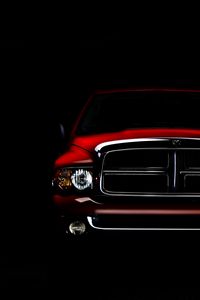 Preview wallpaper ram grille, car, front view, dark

--------------------

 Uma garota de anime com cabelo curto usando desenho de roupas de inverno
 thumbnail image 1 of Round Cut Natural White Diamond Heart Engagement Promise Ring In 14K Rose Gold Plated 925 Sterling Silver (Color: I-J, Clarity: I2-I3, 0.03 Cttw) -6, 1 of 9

--------------------

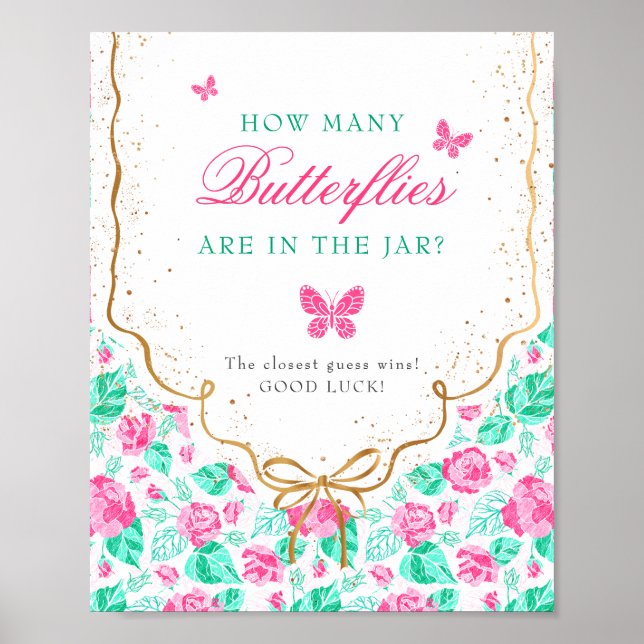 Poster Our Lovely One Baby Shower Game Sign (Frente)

--------------------

Taking the records above, retype every line from the one with "Uma garota de" down to the one with "thumbnail image 1", exactly and with nothing else.

RESPONSE TO THE TASK -
 Uma garota de anime com cabelo curto usando desenho de roupas de inverno
 thumbnail image 1 of Round Cut Natural White Diamond Heart Engagement Promise Ring In 14K Rose Gold Plated 925 Sterling Silver (Color: I-J, Clarity: I2-I3, 0.03 Cttw) -6, 1 of 9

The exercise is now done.